___ The data ___
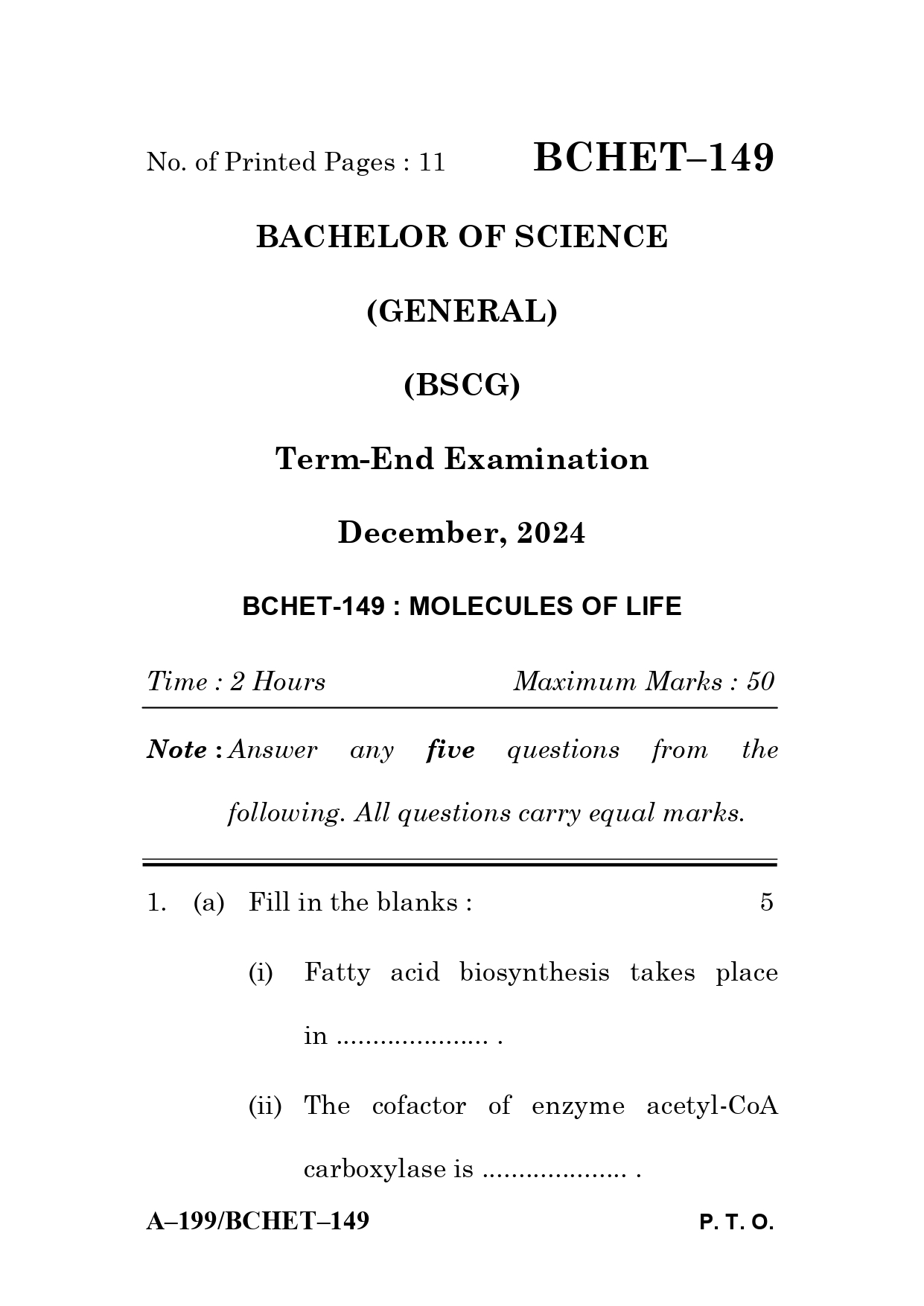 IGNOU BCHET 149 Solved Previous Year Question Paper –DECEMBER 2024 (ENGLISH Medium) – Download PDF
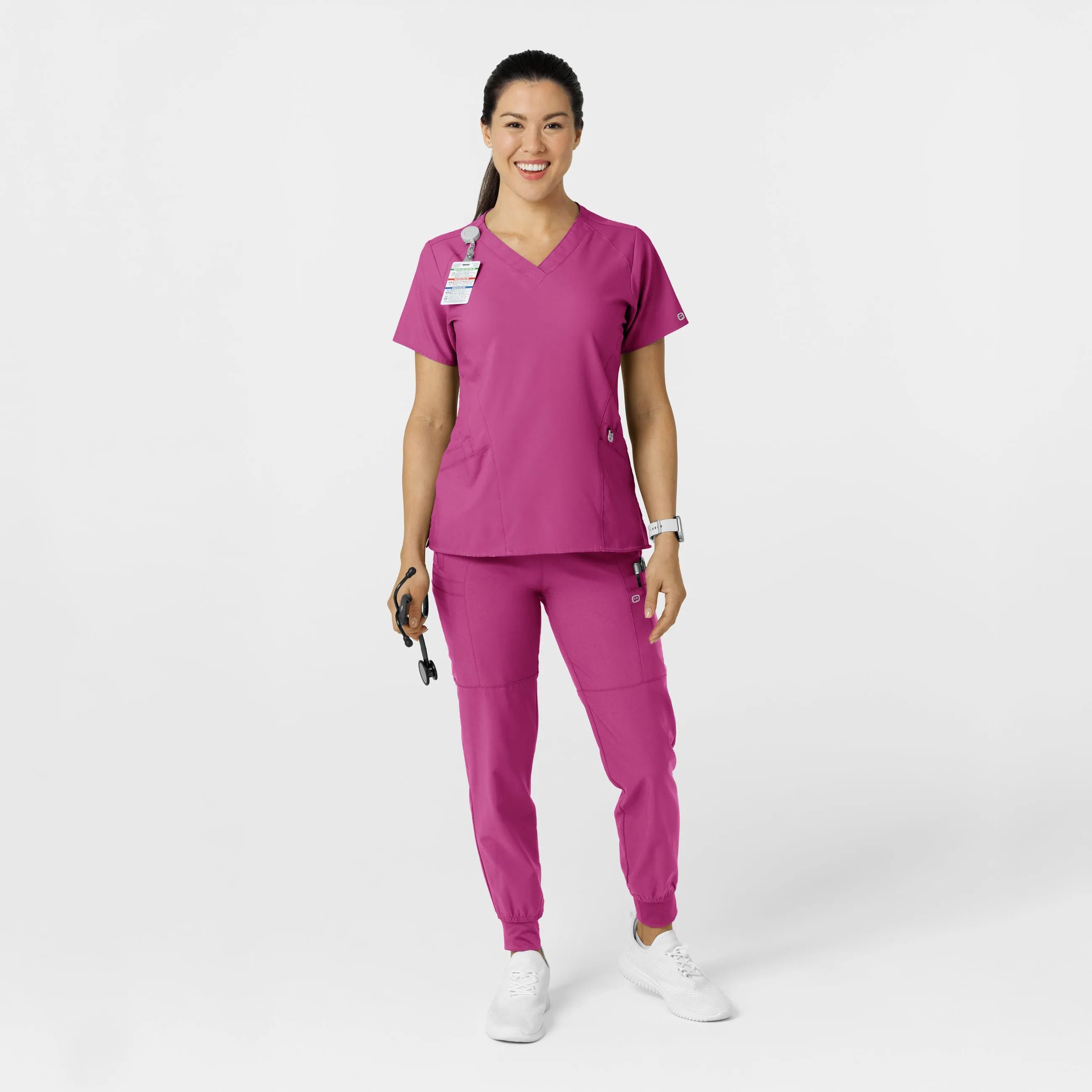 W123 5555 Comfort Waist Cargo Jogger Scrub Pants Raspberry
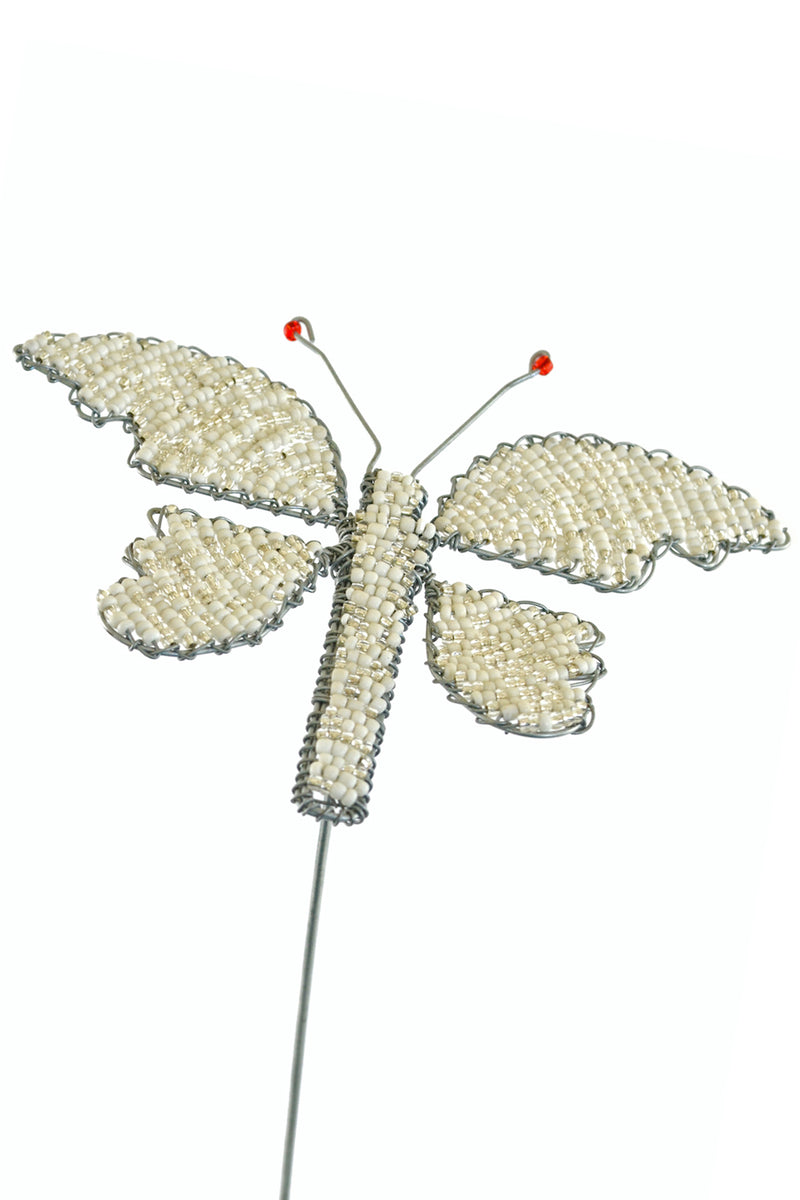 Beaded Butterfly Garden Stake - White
___
### Task prompt
Leave the pictures out and restate the listing word for word.

### Response
 IGNOU BCHET 149 Solved Previous Year Question Paper –DECEMBER 2024 (ENGLISH Medium) – Download PDF
 W123 5555 Comfort Waist Cargo Jogger Scrub Pants Raspberry
 Beaded Butterfly Garden Stake - White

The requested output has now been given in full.